I'm starting reading about cardinals (Shoenfield, page 253) and showing $x \subseteq y \implies \alpha = Card(x) \le Card(y) = \beta$. I notice that there is a injection $\alpha \to \beta$, so I want to conclude $\alpha \subseteq \beta$. Injection between ordinals $\alpha \hookrightarrow \beta$ asks the same but with an order-preserving injection. So maybe this property is false. I was wondering what is an easy counterexample.
My try
I examine first what can be the proof of Injection between ordinals $\alpha \hookrightarrow \beta$. As shown there, we can built an order preserving injection $h:\beta \to \beta$. Therefore, $\beta \cong h(\beta)$. Now, I'm proving that $h(\beta)$, which is clearly a set of ordinals (using axiom of replacement), is transitive. I believe $x \in h(\beta) \implies h^{-1}(x) \in \beta \implies h^{-1}(x) \subseteq \beta \implies x \subseteq h(\beta)$ where I use transitivity of $\beta$. So, since every transitive set of ordinals is an ordinal, we conclude $h(\beta)$ is an ordinal. But $\beta \cong h(\beta)$ implies $\beta = h(\beta)$ which contradicts the assumption $h(\beta) \subset \beta$ (since $\beta \subset \alpha$ so there are elements of $\alpha$ that are not mapped in the image.
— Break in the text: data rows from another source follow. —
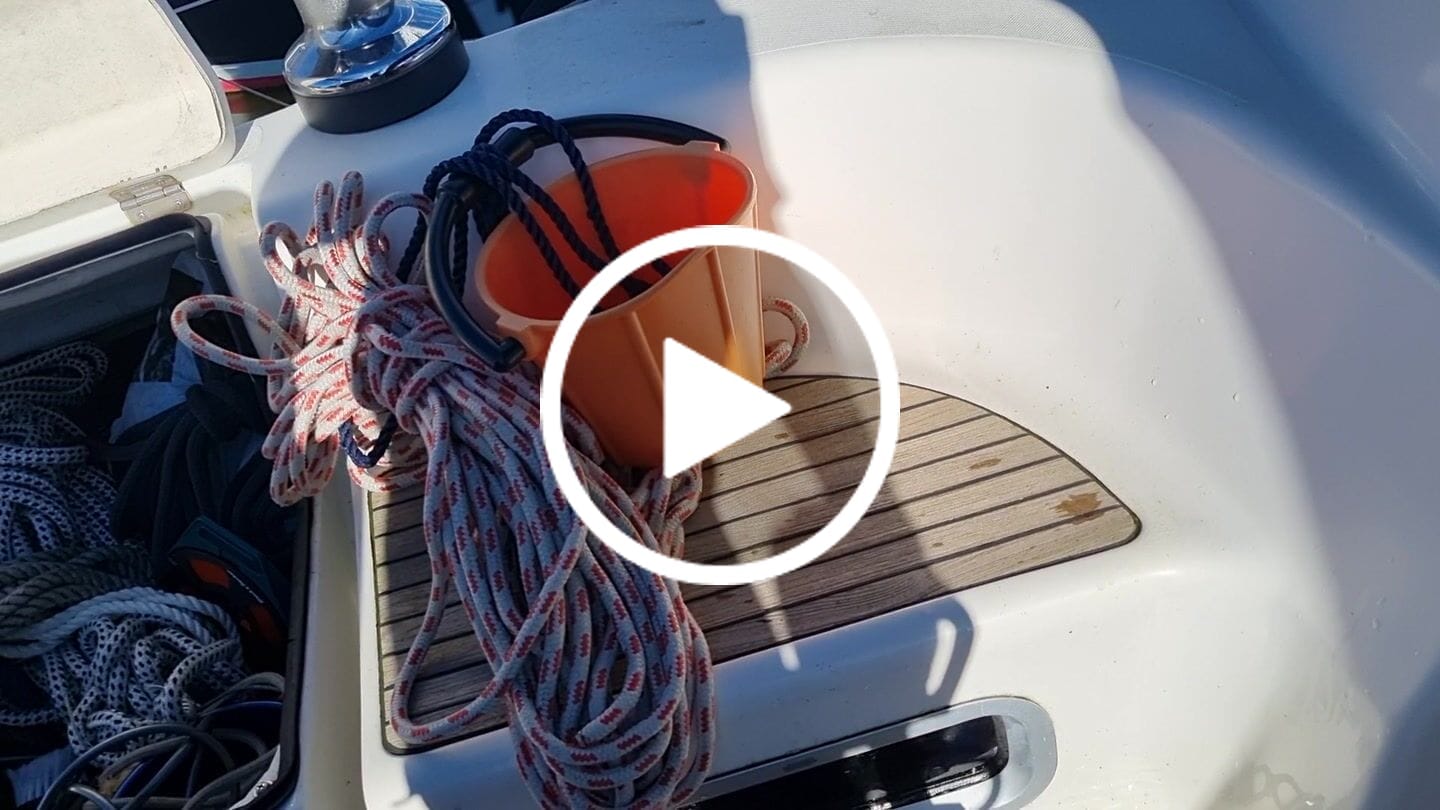 Customer video review of 18V Twin Brush - Cordless Brushless Power Scrubber - Incl. 4.0Ah Battery & Fast Charger + 4 Brushes and Extension Pole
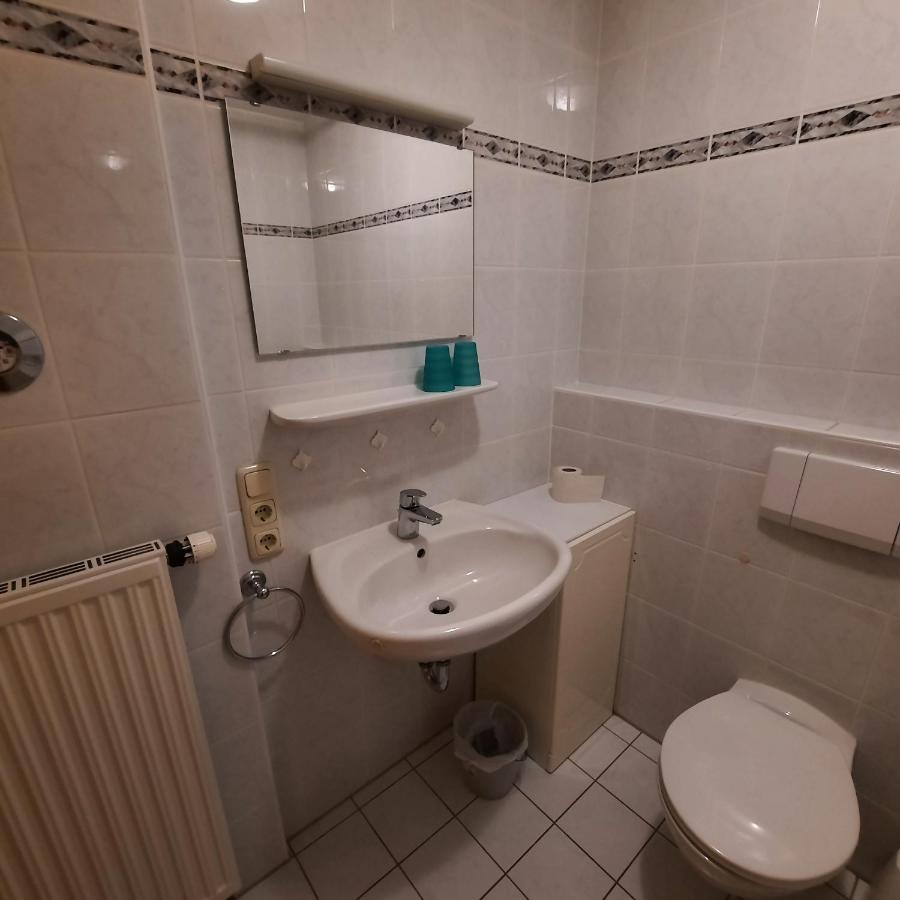 Apartamento Gustis Bergglück Burgberg  Exterior foto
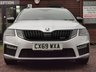 USED 2019 69 SKODA OCTAVIA 2.0 TSI GPF vRS Estate 5dr Petrol Manual Euro 6 (s/s) (245 ps) JUST 2 PREVIOUS OWNERS!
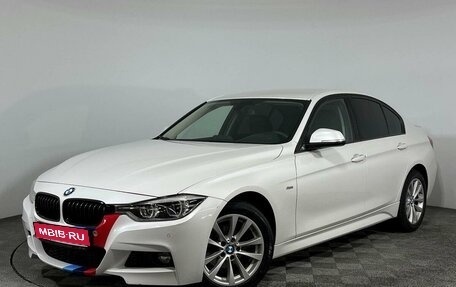 BMW 3 серия, 2016 год, 3 048 000 рублей, 1 фотография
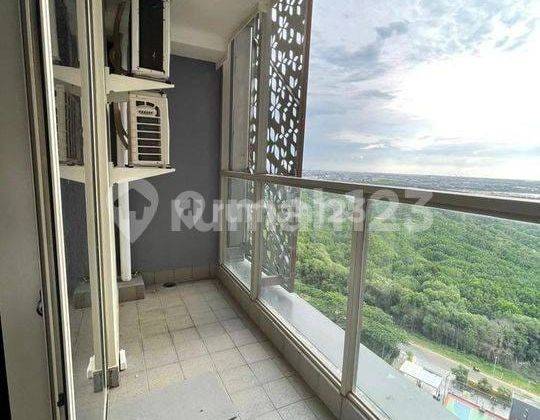 Apartemen Gold Coast 1 BR 51m2 Semi Furnished Bisa KPA Brand New 2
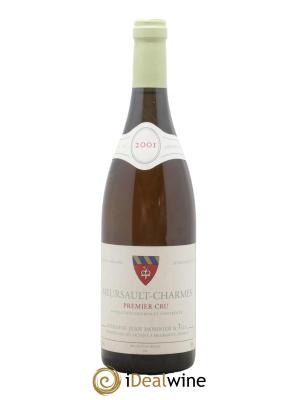 Meursault 1er Cru Charmes Jean Monnier & Fils 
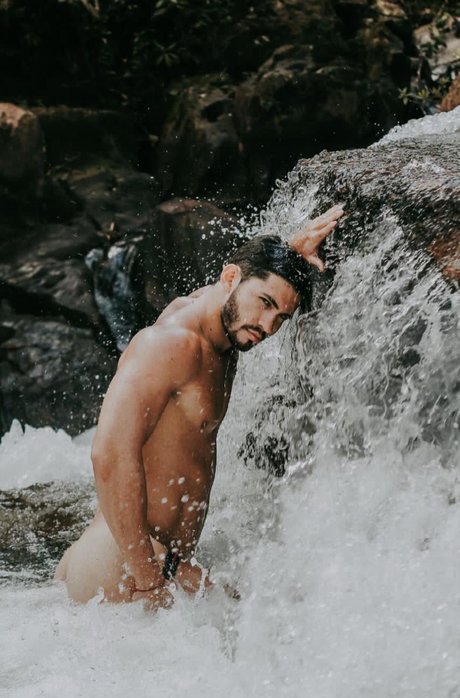 Leonardo Trindade アダルトモデル 写真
So we see that it was needed to have an isomorphism, not just an injection.
Best Answer
There is an injection $f: \omega + 1 \to \omega$ defined by $f(\omega)=0, f(n)=n+1$ for $n \in \omega$, but it's not the case that $\omega \cup \{ \omega \} = \omega + 1 \subseteq \omega$. More generally, there's an injection from any countable ordinal into $\omega$. That's how you know the ordinal is countable.